Ce mécanisme, qui permet de conserver la pureté idéologie d’un forum, est d’autant plus actif que la spécificité idéologique du forum est accrue : ce n’est que parce qu’on n’a pas déjà été habitué à cohabiter avec des tendances idéologiques différentes que l’on peut adopter une attitude sectaire. Néanmoins, il est à noter que cette convergence idéologique recèle en elle-même ses limites : sans divergence, il n’y a pas de débat, et la présence sur un forum est totalement inutile. Ceci implique que les individus présents sur un forum recherchent d’autant plus la différenciation et donc l’opposition argumentée que leurs positions idéologiques sont proches : les distinctions se font de plus en plus sur des détails insignifiants. C’est d’ailleurs cette tendance, qui réduit comme peau de chagrin le groupe, qui implique un dogmatisme intransigeant et une intolérance vis-à-vis des moindres écarts.
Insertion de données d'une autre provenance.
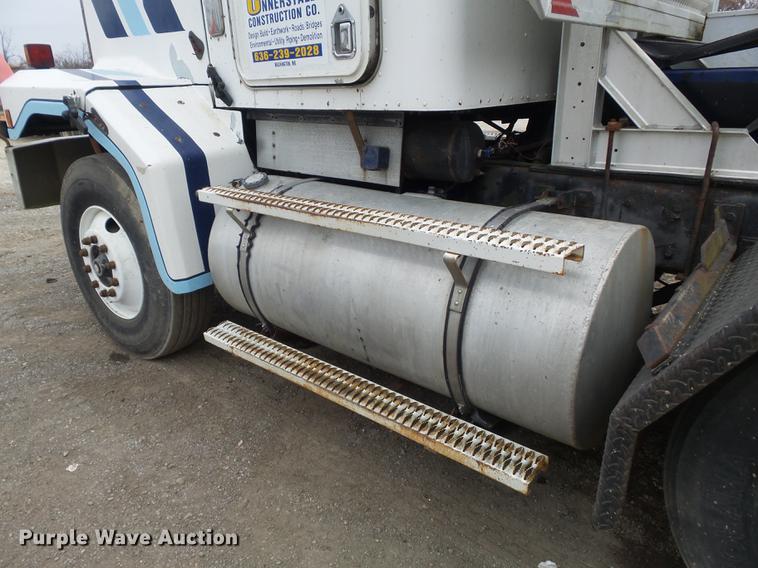 image for item DB6318 1987 Kenworth 510 semi truck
A ce propos, Jean-Pierre Dupuy signale dans L’enfer des choses :

Or, jamais on n’a consacré tant d’efforts à se distinguer les uns des autres, tout en jugeant insupportable le moindre signe de distinction chez le voisin. Les préposés à la recherche des inégalités sociales en découvrent de nouvelles tous les jours – les dernières en date portent sur la capacité de résistance au soleil et à une nourriture abondante –, tandis que des divisions arbitraires se creusent entre des groupes parfaitement identiques, qui se fascinent d’autant plus qu’ils s’inventent les raisons les plus dérisoirement abstraites pour s’excommunier les uns les autres. Il n’y a pire rivalité que celle des frères ennemis. Blanc Bonnet et Bonnet Blanc sont toujours convaincus que tout les oppose et qu’ils n’ont rien de commun.

Nous voyons ici tout le drame des forums politiques, et d’ailleurs plus généralement de tout forum de débat, qui touche de manière intime soit à nos vies propres, soit à notre conception du monde (religion, morale, etc.) : d’un coté, l’existence de paradigmes différents empêche l’existence d’un débat productif, d’un autre coté, la tentative d’unification de ses paradigmes entraîne une instrumentalisation de la vérité et un dogmatisme, qui reflète d’autant plus la pensée de groupe.
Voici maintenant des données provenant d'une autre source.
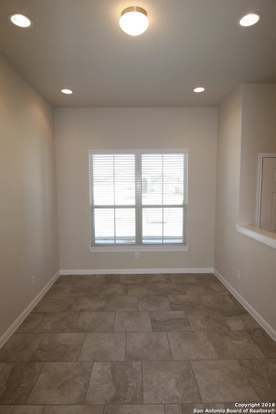 Building Photo - 5633 Briar Fld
Je ne suis pas loin de conclure à la complète inutilité des forums politiques en matière de débat, puisque le seul avantage que je leur reconnais, s’ils sont thématiques, est de permettre de disposer d’une base d’information et de documentation développée. Cet état de fait est d’ailleurs lié à la formation de groupes, phénomène qui pollue le débat, puisque les individus prennent alors également en compte le regard et l'appréciation d'autrui et non plus simplement la recherche de la vérité. Il n’est pas étonnant de retrouver sur Internet le même problème que lors des discussions politiques dans la vie réelle, qui, à plus de deux, tournent souvent au café du commerce !

Aucune des remarques précédentes n’a une portée argumentative dans un débat idéologique, il s’agit uniquement de constatations personnelles sur ce qui conditionne les débats sur un forum politique. Je ne suis bien entendu pas personnellement exempt moi-même de ces travers. Bien entendu, toute ressemblance avec des faits ou des personnes existant ou ayant existé serait purement fortuite.